Apple’s Platform Deployment guide states that Automated Device Enrollment, the modern equivalent of dragging a profile across in iPCU, requires both an MDM and an Apple Business Manager account. The MDM owns ongoing commands; Configurator 2 fills the gap when a device is offline, broken, or freshly imaged at a help desk. Skipping the MDM step is what gets teams stuck rebuilding profiles by hand the way iPCU forced them to.

When users ask why the Profiles and Device Management row is missing from their iPhone Settings, it’s because no profile is installed yet. iOS only shows that row after a configuration profile lands on the device.

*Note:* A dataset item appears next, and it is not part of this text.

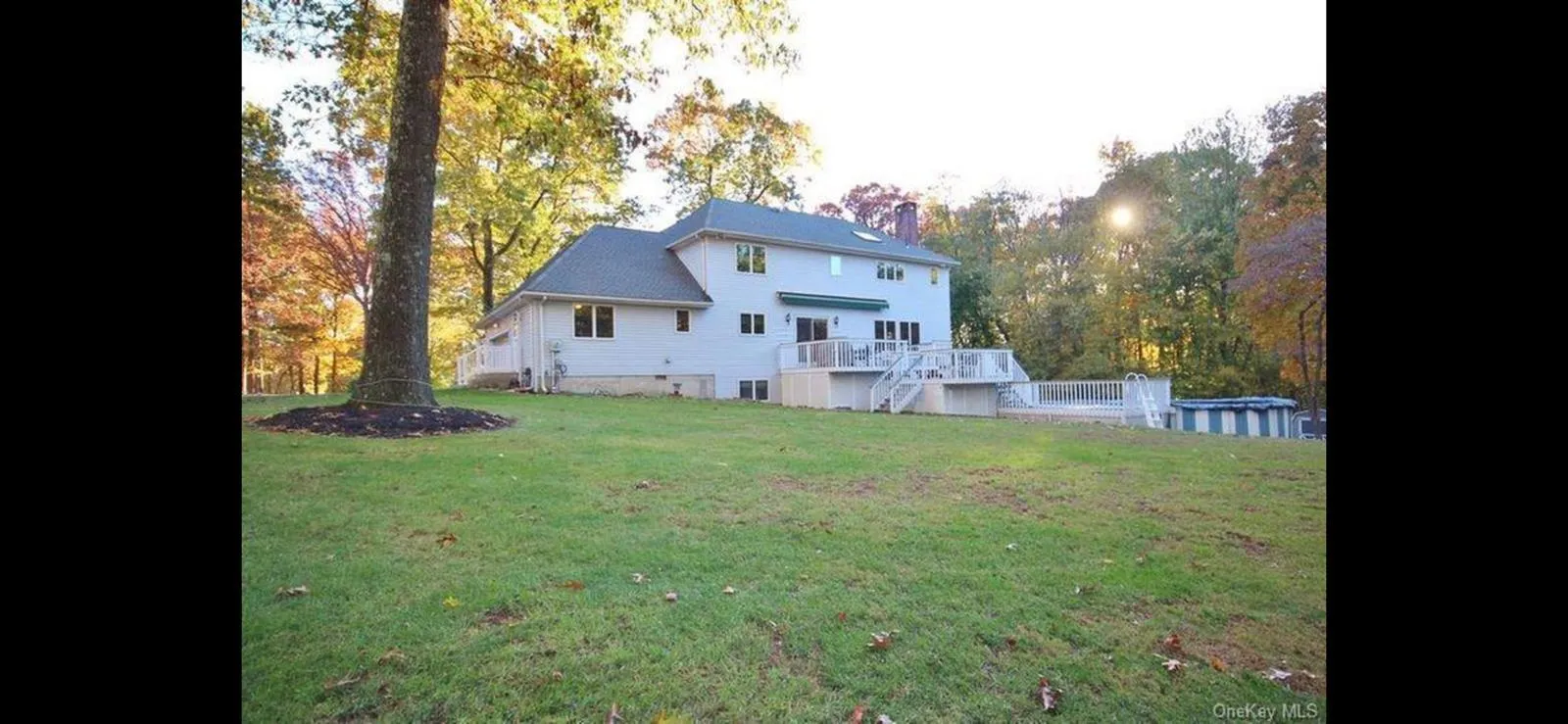 Rear view of house with stairs, a yard, an outdoor pool, a chimney, and a deck Rear view of house with stairs, a yard, an outdoor pool, a chimney, and a deck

If your team is cleaning up legacy deployments, you’ll also see the Untrusted Enterprise Developer prompt and the need to remove old Jamf MDM profiles when devices get reassigned. Both are certificate-trust artifacts from older enrollments, not Configurator 2 bugs.

#Bottom Line

If you came here for an iPCU download link, stop searching. The supported 2026 path is Apple Configurator 2 plus an MDM. Download Configurator 2 from the Mac App Store, sign up for Apple Business Manager if you buy iPhones in volume, and pick an MDM that fits the team size: Jamf for large enterprises, Mosyle or Kandji for SMB and education. For one-off help-desk work, a Mac mini and a USB hub handle what iPCU used to do.

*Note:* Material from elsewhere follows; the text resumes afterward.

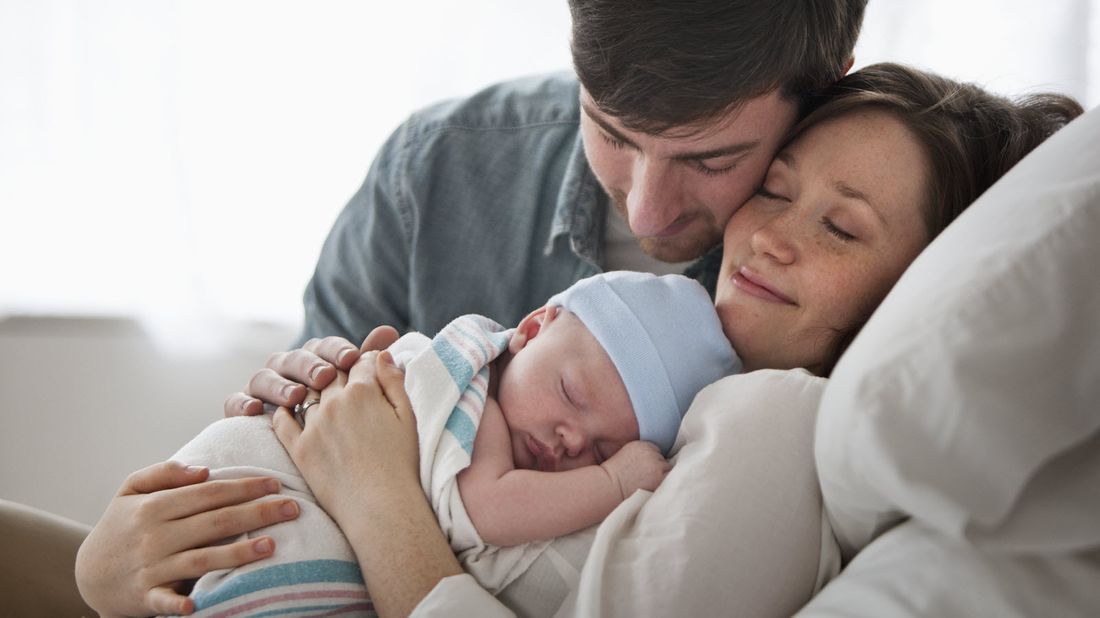 Mother and father holding new baby.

If a leftover iPCU profile is stuck on a device, our walkthrough on removing a management profile from an iPhone covers the steps end users need.

#Frequently Asked Questions

Is iPhone Configuration Utility still available from Apple?

No. Apple pulled it from the developer downloads page after iOS 7 shipped, and the old support article now redirects to the Apple Configurator 2 product page. The final build is 3.6.2 from March 2013, and any link you find on a third-party mirror isn’t sanctioned by Apple. Those legacy installers also fail on current iOS because the signing rules tightened in iOS 14.

Does Apple Configurator 2 work on Windows?

No, Apple Configurator 2 is Mac-only. It’s a native macOS app distributed through the Mac App Store. Microsoft Intune is the closest equivalent for Windows-centric IT teams, though it manages devices over the air rather than over USB.

Can I open .mobileconfig files I created in iPCU?

Sometimes. Apple Configurator 2 can open older .mobileconfig profiles, but payloads that iOS no longer supports drop silently during import. We tested a 2012-era profile on Configurator 2 version 2.18: the Wi-Fi and email payloads imported cleanly, while the passcode payload was flagged for review. Re-saving the profile in Configurator 2 re-signs it for current iOS releases.

Is there a free MDM I can use instead of iPCU?

A few options exist. Apple Business Essentials starts with a basic MDM tier for small businesses, Mosyle Manager has a free tier capped for K-12 education, and Microsoft Intune is bundled with several Microsoft 365 business plans. None of them work over USB the way iPCU did, but they handle far more devices and stay current with each iOS release.

Why does my iPhone show “Profile Installation Failed”?

Most often, the profile is unsigned or expired. iOS 14 requires every configuration profile to be signed by a recognized certificate before it can install.

Do I still need iPCU for older iPhones like the 4S or 5?

Not unless those devices are stuck on iOS 6. Any iPhone running iOS 7 or later works with Apple Configurator 2 instead.

What replaced the Provisioning Profiles tab in iPCU?

That tab handled internal app distribution for enterprise developers. Today, Apple Business Manager’s Custom Apps and the Apple Developer Enterprise Program cover private app deployment. The underlying provisioning step was folded into Xcode’s signing workflow years ago, so a dedicated UI no longer exists outside Xcode itself.